Friday, October 27, 2006
No joy in Motown
But there are smiles in San Francisco, (and, of course, in St, Louis).
Julia has four friends spending the night on her 8th birthday at her Mom's house.
I have three boys staying here with me. Sometimes, the emotional swings at a kid's birthday party are hard for me to handle. Tonight, Julia swung between extremes of hysterical joy, and crying tears in buckets.
Over here, the phone rings. It's a girl, no a group of girls. They are calling for my 12-year-old. So, it's started...
My main gift to Julia was a two-dollar-bill. I explained it was a symbol -- a "gift certificate" of sorts, as my pledge is to take her shopping for whatever clothes she wants.

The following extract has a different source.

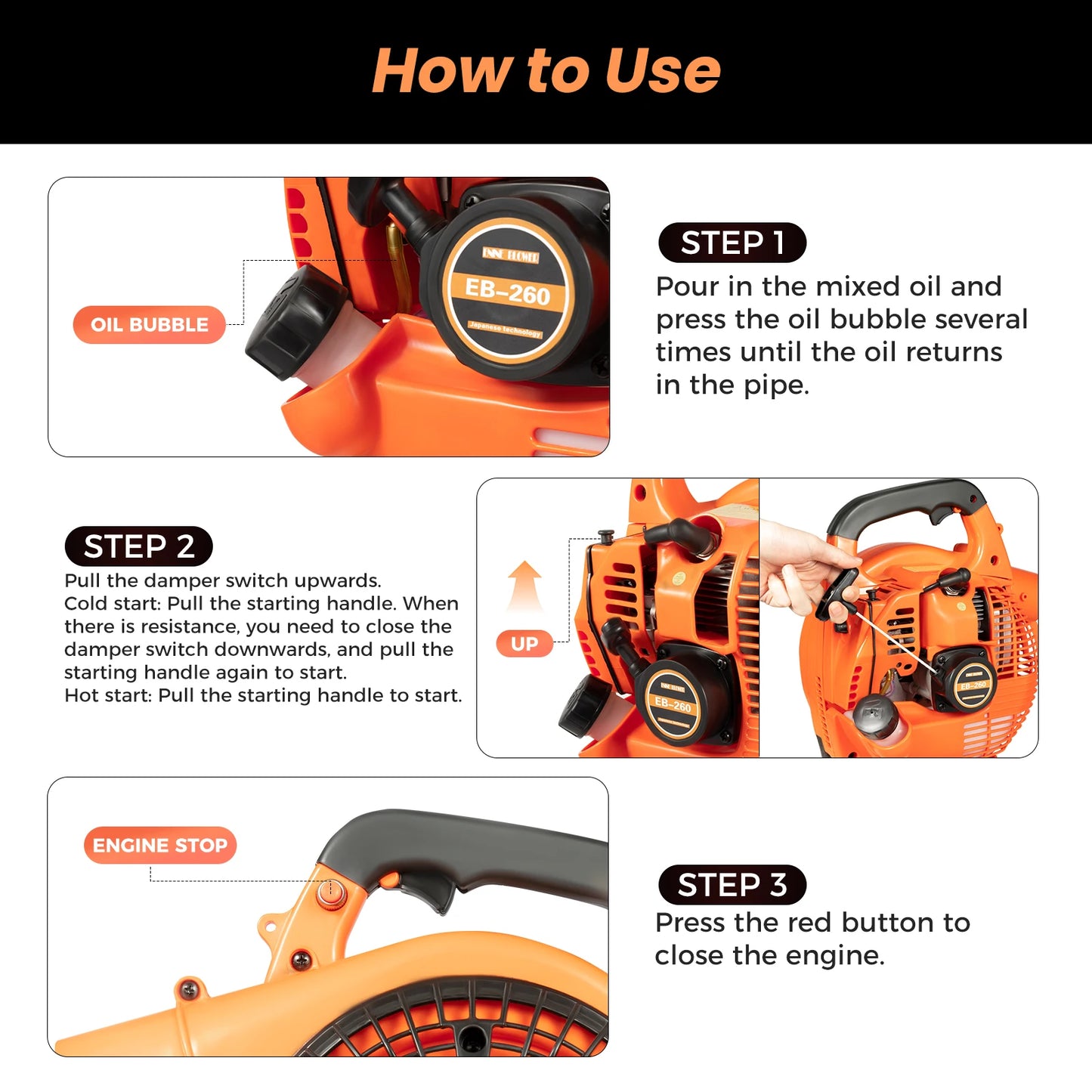 Bymaocar 260 Type 2 Stroke Handheld Gas Blower Pull Start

As a friend told me earlier today, "You know how to make a woman happy."
I'm not so sure about that. I can make a little girl happy; that's easy. But women? I don't think my record is so good on that score.
It's a rare hot night in this town. The kind of night that makes you remember other hot nights, better ones, when you were out and about with a woman who loved you. You remember nights in cars, in swimming pools, on beaches, in hotels, on trains or airplanes, in movie theatres...You remember dancing, drinking in clubs, eating at late-night cafes, riding buses, or hailing taxis. You remember walking around strange cities, as well as familiar ones.

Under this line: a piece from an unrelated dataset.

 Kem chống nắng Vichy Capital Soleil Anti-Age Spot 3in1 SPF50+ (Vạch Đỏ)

You remember kisses under trees, across tables, in hot tubs, on subways, in parks, in forests, outside museums and cathedrals.
You remember the twisted blankets and open windows of southern towns, the bright lights of eastern cities, the quiet roads of northern counties, and the vast beaches of the western edge where you've made most of your love, by far.
You also remember warm nights in Paris, Madrid, Amsterdam, and Moscow; Ottawa, Kuala Lumpur, Penang, Djakarta, and Taipei. You remember Hong Kong, Singapore, Delhi and old Bombay. You remember Goa and Cochin. You remember cold nights in Brussels, Helsinki, Quebec City, New Haven and Boston. Hot nights in Chicago and London. Cold nights in Frankfurt and Milan. Hot nights in Rome and Mexico City and Tokyo. Cold nights in Melbourne and Sydney. Warm nights in Perth and Tehran. Hot nights in Beirut and Bermuda and La Paz and the Kona Coast. Hot nights in Honolulu, on the beach. Hot nights in Papeete and out on Moorea. Cool nights in Kyoto and Osaka and rainy cold nights at points further west.
You think about warm nights in Gold Country, in San Diego, and of course recently in Vancouver. You think about hot tubs in Big Sur, during visits twenty-five years apart. You remember nights in Napa, Sonoma, and all over the Sierra -- Tahoe, Reno, Yosemite, points north and points south. You especially recall nights in the south -- Sanibel, Captiva, Key West, on a boat in the Gulf, in Mobile, in Biloxi, in Pascagoula, and New Orleans. You remember Memphis.
There are other night memories as well-- Dallas, Atlanta, St. Paul, Pittsburg, Kansas City, L.A., Portland, Seattle, and Santa Barbara. You remember Kunduz, Khanabad, Mazar-i-Sharif and Taloqan.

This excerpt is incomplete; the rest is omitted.